Theory: All model assumptions stated explicitly
What to Check
Every theoretical model rests on assumptions. These must be stated explicitly, labeled (Assumption 1, 2, …), and placed before they are used. Assumptions hidden in prose, implied by notation, or introduced mid-proof create ambiguity about what the model actually assumes and make it impossible to assess which results depend on which assumptions.
How to Check
- Read through the model setup section. Are assumptions labeled and enumerated?
- Check that each assumption is stated in a self-contained way — a reader should be able to understand the assumption without inferring it from context.
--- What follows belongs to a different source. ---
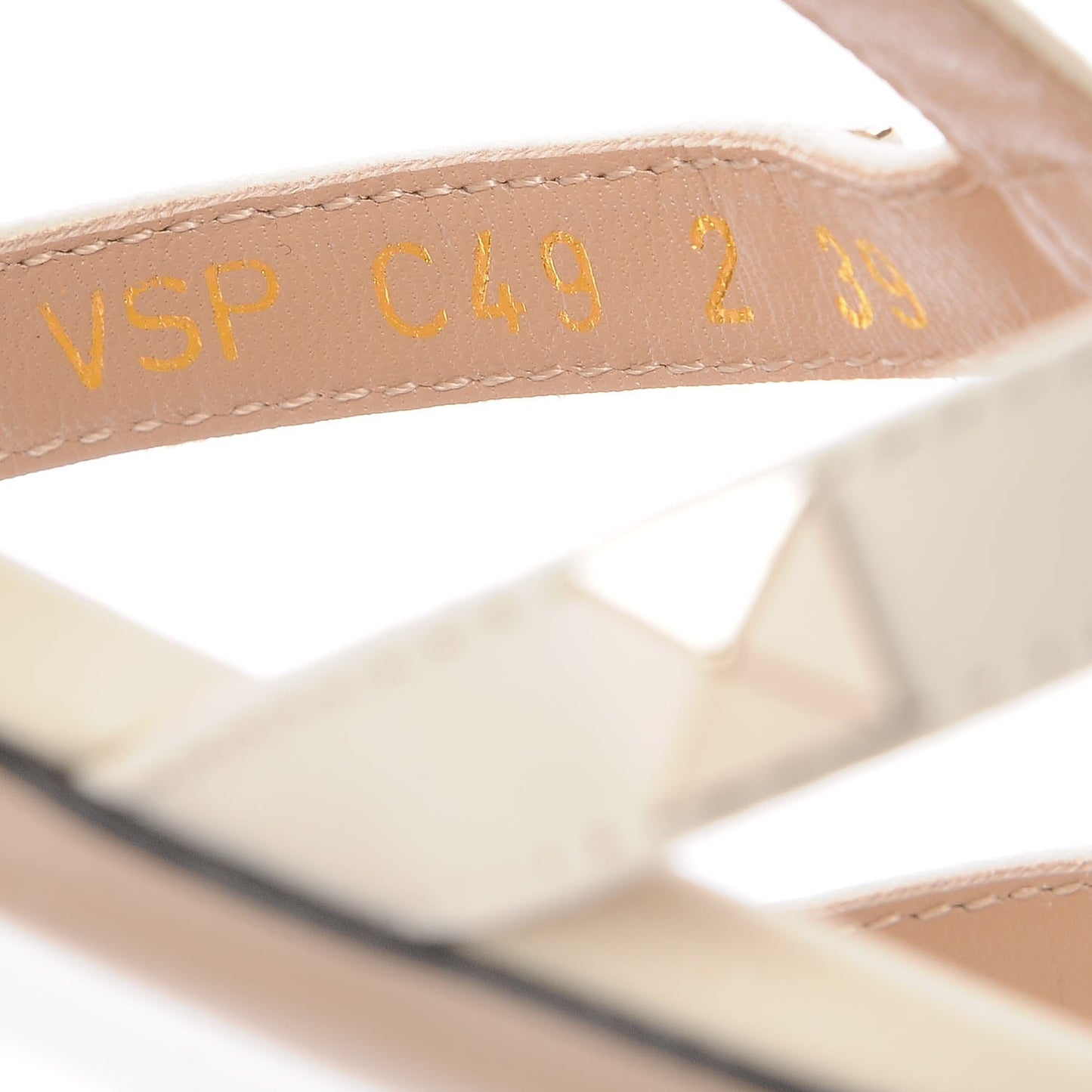 Nappa Rockstud Caged Flat Slide Sandals 39 Light Ivory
- For each main result (proposition, theorem, lemma), check whether the required assumptions are stated in the theorem or referenced explicitly. A result that says “under mild regularity conditions” without naming those conditions fails.
- Check whether the paper discusses which assumptions are critical (the result fails without them) versus which are made for tractability (results likely extend without them). The distinction matters for the paper’s contribution.
- Flag assumptions that are stated but implausible in the paper’s context — e.g., assuming perfect information in a model of adverse selection.
Pass Condition
All assumptions are labeled, stated precisely, and referenced in the relevant results. Critical assumptions are distinguished from tractability assumptions. The model section could be understood by a reader without reading the introduction.
Failure Examples
- Assumption in prose only: “We assume firms cannot observe worker ability.” This restriction is stated in the text but not labeled as an assumption. Later proofs invoke it without reference. Fails — not findable or traceable.
- “Standard regularity conditions”: Proposition 2 states “under standard regularity conditions, the equilibrium is unique.” The regularity conditions are not stated anywhere in the paper. Fails — the result is not verifiable.
- Assumption introduced mid-proof: A key monotonicity condition appears for the first time in the proof of Lemma 3, not in the model setup. Fails — assumptions must precede the results that depend on them.
Notes
- This test does not assess whether assumptions are reasonable — only that they are stated. Reasonableness is evaluated by
theory-assumptions-discussed. - In applied theory papers where the model is a well-known workhorse (e.g., standard principal-agent, Hotelling), assumptions that are standard to that framework need not be re-stated in full, but departures from the standard version must be.